Tuesday, May 17, 2011

Tools for Brainstorming - Part II (redux)

[Because of the Great Blogger debacle of 2011, I lost my original Part II post along with the comments. So Here is my attempt at recreating the genius I had committed to pixels - Editor]
I've decided to break this segment out into three parts. Why? Because this is my blog, and I can do whatever I want. How you like them apples?

Too heavy handed? Okay fine. How's this: I have so much information, such an avalanche of insight to share, that the only appropriate move is to give each technique their due time.

Or, something like that...

Method II - Sit on the Couch

This method came to me after I read the great James Scott Bell's "The Art of War for Writers." In it, he describes the Voice Journal, which is a great way "get to know" your character. You write in first person, and lay out the character's attitude, way of talking, answering questions that pop up. This is a steam of consciousness type of journaling.

I've used this method often, but I have a bit of a spin on it for the purpose of breaking through when I hit a rough patch.

When I'm revising, I will sometimes hit a spot that just doesn't feel right. Why did my main character (MC) do that? Why would he say that? Does it sound believable? Hundreds of questions come to me.

Think of yourself as the psychologist with a finely tuned truth detector that in the course of a conversation can pick up plausibility, believability and reasonability. You, the therapist, are asking the MC questions. You want to see why he did what he did? What was his "motivation" for acting that way, behaving that way, and saying the things he said.

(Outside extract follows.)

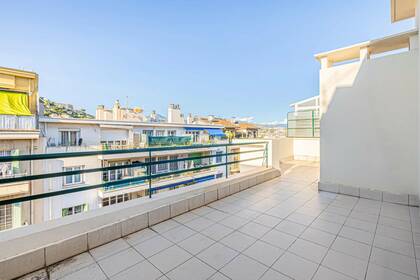 Winter Immobilier - квартира - Nice - Fleurs Gambetta - Nice - e6aae414884bc7860ce220be217fc0bd_a5f3922630_1920
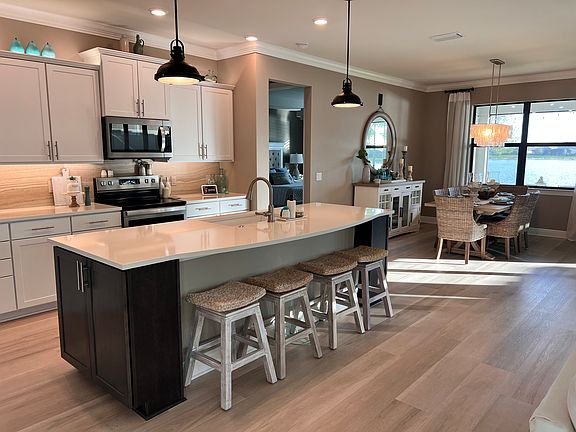 5th image of 19615 Beechcrest Pl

As a consumer of entertainment -- be it books, TV, or movies -- I don't like it when others insult my intelligence. Picture this scene:

The Hero and Heroine love each other. But they have not expressed their true feelings, yet. The Heroine misunderstands the situation. The Hero should explain and resolve the misunderstanding. Simple. Just say it. JUST SAY IT. But he doesn't. The result is that they break up. Then that silly misunderstanding spirals into more challenges. And approximately 150 pages or so later, they realize they made a mistake. Sorry saps! 

Are you kidding me? If you've watched Telenovelas (Spanish/Mexican soap operas) you see this all.the.stinkin'.time. Please! What do you take me for?!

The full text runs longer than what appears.